-- Records follows --
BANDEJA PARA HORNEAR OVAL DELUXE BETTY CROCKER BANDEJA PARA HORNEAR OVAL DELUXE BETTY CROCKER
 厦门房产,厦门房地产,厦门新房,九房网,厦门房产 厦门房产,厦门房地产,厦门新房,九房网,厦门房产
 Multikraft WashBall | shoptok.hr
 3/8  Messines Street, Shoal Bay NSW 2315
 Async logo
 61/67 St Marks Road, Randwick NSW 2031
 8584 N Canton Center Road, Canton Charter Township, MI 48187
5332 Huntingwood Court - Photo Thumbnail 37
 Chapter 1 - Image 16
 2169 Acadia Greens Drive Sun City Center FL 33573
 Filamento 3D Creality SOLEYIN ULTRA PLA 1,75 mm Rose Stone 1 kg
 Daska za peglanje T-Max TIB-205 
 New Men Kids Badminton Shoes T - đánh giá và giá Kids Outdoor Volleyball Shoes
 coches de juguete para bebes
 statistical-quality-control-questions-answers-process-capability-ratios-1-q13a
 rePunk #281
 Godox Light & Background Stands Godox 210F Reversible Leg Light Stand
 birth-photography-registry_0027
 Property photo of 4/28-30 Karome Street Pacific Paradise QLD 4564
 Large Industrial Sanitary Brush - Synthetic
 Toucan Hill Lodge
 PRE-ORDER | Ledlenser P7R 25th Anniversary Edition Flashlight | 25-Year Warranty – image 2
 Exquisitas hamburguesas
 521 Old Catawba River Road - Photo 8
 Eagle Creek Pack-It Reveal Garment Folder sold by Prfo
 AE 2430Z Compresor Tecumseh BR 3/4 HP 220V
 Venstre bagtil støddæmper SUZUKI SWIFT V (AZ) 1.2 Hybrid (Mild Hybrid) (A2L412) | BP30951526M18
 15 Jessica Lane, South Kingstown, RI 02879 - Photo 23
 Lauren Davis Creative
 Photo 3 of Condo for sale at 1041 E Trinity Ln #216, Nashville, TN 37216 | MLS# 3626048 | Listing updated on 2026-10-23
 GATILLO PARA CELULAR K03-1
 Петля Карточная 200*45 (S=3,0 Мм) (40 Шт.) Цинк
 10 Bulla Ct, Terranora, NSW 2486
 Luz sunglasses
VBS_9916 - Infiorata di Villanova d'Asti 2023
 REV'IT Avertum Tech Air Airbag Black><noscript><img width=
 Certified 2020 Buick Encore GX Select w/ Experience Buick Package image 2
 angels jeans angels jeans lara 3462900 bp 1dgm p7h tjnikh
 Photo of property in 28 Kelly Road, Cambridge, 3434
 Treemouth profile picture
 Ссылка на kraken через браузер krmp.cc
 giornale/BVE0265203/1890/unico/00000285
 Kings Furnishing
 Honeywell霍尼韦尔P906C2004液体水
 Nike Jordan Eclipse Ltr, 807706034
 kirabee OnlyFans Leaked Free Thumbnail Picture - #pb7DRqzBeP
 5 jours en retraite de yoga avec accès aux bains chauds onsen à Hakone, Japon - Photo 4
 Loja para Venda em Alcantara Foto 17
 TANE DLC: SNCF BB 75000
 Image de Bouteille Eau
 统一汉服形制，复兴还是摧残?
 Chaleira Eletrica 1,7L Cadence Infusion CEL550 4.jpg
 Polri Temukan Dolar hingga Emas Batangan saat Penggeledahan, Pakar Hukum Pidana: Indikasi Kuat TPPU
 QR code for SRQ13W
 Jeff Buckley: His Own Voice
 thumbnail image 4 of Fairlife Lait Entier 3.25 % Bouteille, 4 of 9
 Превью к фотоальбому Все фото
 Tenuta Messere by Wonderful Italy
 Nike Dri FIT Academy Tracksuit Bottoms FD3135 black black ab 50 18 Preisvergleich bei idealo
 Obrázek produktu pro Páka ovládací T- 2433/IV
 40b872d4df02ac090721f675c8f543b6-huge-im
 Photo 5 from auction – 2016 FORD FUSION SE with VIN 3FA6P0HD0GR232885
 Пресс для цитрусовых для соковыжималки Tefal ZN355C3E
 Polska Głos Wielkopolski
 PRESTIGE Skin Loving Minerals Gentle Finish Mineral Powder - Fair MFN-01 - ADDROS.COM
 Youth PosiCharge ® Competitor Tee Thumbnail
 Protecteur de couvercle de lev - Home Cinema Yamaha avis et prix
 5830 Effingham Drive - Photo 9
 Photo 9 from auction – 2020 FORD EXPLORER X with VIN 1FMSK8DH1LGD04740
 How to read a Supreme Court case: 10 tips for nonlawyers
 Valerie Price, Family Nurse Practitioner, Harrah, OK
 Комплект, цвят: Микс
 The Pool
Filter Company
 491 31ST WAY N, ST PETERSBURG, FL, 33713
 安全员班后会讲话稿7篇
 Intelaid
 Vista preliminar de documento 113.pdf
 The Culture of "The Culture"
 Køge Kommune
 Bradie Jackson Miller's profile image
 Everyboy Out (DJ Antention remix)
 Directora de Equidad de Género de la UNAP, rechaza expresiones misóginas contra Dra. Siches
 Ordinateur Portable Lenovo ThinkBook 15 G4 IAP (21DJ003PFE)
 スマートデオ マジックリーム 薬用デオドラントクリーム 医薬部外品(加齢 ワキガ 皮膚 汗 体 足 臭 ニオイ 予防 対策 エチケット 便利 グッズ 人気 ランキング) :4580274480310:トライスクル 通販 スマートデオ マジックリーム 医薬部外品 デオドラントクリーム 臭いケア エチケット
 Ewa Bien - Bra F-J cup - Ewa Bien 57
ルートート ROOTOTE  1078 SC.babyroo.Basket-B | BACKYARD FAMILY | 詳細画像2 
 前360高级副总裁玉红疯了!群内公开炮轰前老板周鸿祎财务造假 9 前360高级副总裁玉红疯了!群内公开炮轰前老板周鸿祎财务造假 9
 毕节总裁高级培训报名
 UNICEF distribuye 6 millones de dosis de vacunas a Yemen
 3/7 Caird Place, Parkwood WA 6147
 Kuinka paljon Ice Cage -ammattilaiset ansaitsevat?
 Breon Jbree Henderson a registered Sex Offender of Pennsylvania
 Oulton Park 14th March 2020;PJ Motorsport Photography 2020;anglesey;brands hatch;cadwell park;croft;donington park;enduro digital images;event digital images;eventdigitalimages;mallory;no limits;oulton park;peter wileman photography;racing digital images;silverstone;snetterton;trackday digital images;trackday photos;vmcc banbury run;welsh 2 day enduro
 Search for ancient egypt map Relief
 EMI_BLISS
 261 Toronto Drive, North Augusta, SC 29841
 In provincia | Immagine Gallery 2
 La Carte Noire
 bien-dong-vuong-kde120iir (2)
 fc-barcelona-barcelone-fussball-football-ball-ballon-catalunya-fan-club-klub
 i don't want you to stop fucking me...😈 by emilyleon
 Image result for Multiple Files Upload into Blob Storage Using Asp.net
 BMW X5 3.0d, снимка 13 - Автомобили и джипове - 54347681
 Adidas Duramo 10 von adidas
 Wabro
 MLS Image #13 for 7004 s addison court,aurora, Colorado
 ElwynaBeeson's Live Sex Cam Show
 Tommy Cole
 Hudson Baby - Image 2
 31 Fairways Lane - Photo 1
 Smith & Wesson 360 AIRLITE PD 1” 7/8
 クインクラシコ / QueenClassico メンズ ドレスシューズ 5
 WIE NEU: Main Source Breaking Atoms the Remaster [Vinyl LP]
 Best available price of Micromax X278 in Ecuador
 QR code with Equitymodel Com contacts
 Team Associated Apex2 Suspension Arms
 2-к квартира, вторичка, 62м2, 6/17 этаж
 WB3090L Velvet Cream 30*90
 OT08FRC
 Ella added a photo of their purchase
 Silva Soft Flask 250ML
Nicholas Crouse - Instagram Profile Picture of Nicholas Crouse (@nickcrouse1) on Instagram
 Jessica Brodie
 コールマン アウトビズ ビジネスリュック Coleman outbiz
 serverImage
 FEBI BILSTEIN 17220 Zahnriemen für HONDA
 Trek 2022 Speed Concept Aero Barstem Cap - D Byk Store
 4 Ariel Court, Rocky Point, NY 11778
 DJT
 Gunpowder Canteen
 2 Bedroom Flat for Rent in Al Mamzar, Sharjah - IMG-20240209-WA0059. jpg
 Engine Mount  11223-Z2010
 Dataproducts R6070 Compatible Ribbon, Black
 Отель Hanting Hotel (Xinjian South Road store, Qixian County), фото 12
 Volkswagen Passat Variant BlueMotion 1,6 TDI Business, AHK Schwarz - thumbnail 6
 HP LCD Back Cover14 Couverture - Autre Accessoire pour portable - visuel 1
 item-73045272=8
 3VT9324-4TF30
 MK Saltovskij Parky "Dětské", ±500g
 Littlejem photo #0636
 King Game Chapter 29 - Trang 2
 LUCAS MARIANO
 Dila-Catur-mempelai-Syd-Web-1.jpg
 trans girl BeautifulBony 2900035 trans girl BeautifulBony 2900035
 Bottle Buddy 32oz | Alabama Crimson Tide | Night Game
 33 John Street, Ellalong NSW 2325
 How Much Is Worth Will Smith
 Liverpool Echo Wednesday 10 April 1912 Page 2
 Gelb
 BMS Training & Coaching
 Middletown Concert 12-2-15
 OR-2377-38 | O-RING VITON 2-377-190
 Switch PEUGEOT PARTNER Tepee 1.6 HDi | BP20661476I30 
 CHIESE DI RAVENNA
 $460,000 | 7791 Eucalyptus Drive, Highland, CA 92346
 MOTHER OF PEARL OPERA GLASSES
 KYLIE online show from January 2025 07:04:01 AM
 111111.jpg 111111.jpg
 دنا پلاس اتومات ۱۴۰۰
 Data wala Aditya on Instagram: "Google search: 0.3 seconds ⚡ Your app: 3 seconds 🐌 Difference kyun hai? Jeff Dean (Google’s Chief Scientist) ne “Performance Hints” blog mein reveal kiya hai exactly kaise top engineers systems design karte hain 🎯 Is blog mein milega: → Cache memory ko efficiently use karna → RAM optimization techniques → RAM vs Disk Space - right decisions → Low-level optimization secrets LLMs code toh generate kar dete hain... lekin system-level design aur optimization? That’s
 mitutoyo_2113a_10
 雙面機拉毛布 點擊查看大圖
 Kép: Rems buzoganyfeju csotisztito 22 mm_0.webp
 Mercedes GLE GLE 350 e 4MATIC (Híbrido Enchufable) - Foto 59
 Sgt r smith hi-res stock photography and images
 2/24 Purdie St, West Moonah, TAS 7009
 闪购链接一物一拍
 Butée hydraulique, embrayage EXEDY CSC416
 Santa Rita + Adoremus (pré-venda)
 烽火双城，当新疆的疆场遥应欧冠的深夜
-- Records concluded --
- Exercise brief:
What is asked for is an exact copy of the lines above from the one containing "Polska Głos Wielkopolski" through the one containing "Køge Kommune", and only those.

- Finished exercise:
 Polska Głos Wielkopolski
 PRESTIGE Skin Loving Minerals Gentle Finish Mineral Powder - Fair MFN-01 - ADDROS.COM
 Youth PosiCharge ® Competitor Tee Thumbnail
 Protecteur de couvercle de lev - Home Cinema Yamaha avis et prix
 5830 Effingham Drive - Photo 9
 Photo 9 from auction – 2020 FORD EXPLORER X with VIN 1FMSK8DH1LGD04740
 How to read a Supreme Court case: 10 tips for nonlawyers
 Valerie Price, Family Nurse Practitioner, Harrah, OK
 Комплект, цвят: Микс
 The Pool
Filter Company
 491 31ST WAY N, ST PETERSBURG, FL, 33713
 安全员班后会讲话稿7篇
 Intelaid
 Vista preliminar de documento 113.pdf
 The Culture of "The Culture"
 Køge Kommune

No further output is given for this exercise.